TheAlgorithms/Python

Readme

These implementations are for demonstration purposes. They are less efficient than the implementations in the Python standard library.

**Bubble sort**, sometimes referred to as *sinking sort*, is a simple sorting algorithm that repeatedly steps through the list to be sorted, compares each pair of adjacent items and swaps them if they are in the wrong order. The pass through the list is repeated until no swaps are needed, which indicates that the list is sorted.

**Properties**
* Worst case performance O(n^{2})
* Best case performance O(n)
* Average case performance O(n^{2})

**Bucket sort**, or *bin sort*, is a sorting algorithm that works by distributing the elements of an array into a number of buckets. Each bucket is then sorted individually, either using a different sorting algorithm, or by recursively applying the bucket sorting algorithm.

**Properties**
* Worst case performance O(n^{2})
* Best case performance O(n+k)
* Average case performance O(n+k)

**Cocktail shaker sort**, also known as *bidirectional bubble sort*, *cocktail sort*, *shaker sort* (which can also refer to a variant of *selection sort*), *ripple sort*, *shuffle sort*, or *shuttle sort*, is a variation of bubble sort that is both a stable sorting algorithm and a comparison sort. The algorithm differs from a bubble sort in that it sorts in both directions on each pass through the list.

**Properties**
* Worst case performance O(n^{2})
* Best case performance O(n)
* Average case performance O(n^{2})

**Insertion sort** is a simple sorting algorithm that builds the final sorted array (or list) one item at a time. It is much less efficient on *large* lists than more advanced algorithms such as quicksort, heapsort, or merge sort.

**Properties**
* Worst case performance O(n^{2})
* Best case performance O(n)
* Average case performance O(n^{2})

**Merge sort** (also commonly spelled *mergesort*) is an efficient, general-purpose, comparison-based sorting algorithm. Most implementations produce a stable sort, which means that the implementation preserves the input order of equal elements in the sorted output. Mergesort is a divide and conquer algorithm that was invented by John von Neumann in 1945.

**Properties**
* Worst case performance O(n log n)
* Best case performance O(n log n)
* Average case performance O(n log n)

**Quicksort** (sometimes called *partition-exchange sort*) is an efficient sorting algorithm, serving as a systematic method for placing the elements of an array in order.

**Properties**
* Worst case performance O(n^{2})
* Best case performance O(*n* log *n*) or O(n) with three-way partition
* Average case performance O(*n* log *n*)
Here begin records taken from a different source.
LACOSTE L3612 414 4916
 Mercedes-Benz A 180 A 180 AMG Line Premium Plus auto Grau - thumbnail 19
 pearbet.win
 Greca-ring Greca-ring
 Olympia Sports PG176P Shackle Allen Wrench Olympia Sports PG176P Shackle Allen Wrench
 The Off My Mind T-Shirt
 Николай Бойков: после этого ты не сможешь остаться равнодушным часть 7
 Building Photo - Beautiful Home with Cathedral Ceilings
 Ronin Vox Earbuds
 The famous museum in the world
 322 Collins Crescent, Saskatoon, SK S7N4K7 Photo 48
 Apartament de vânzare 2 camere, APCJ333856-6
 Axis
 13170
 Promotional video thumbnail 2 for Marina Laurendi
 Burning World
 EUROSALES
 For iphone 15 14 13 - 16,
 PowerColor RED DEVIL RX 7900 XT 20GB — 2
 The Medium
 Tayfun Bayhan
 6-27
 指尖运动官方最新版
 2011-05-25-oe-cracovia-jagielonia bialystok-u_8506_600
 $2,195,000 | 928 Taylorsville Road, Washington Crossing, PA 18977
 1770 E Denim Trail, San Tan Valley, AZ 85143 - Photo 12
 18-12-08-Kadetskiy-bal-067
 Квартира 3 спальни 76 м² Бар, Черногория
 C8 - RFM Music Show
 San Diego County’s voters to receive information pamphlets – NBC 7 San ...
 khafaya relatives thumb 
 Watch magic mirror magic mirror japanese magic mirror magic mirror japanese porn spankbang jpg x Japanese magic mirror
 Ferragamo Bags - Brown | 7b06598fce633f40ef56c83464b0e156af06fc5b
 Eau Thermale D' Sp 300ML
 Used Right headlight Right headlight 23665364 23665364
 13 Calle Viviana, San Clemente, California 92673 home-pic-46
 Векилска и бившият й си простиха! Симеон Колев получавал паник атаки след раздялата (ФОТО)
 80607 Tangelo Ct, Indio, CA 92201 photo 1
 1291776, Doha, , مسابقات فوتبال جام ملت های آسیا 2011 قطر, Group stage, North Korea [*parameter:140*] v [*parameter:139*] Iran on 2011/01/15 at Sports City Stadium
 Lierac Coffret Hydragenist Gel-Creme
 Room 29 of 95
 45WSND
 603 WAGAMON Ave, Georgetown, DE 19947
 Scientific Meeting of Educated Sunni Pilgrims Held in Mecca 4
**Heapsort** is a *comparison-based* sorting algorithm. It can be thought of as an improved selection sort. It divides its input into a sorted and an unsorted region, and it iteratively shrinks the unsorted region by extracting the largest element and moving that to the sorted region.

**Properties**
* Worst case performance O(*n* log *n*)
* Best case performance O(*n* log *n*)
* Average case performance O(*n* log *n*)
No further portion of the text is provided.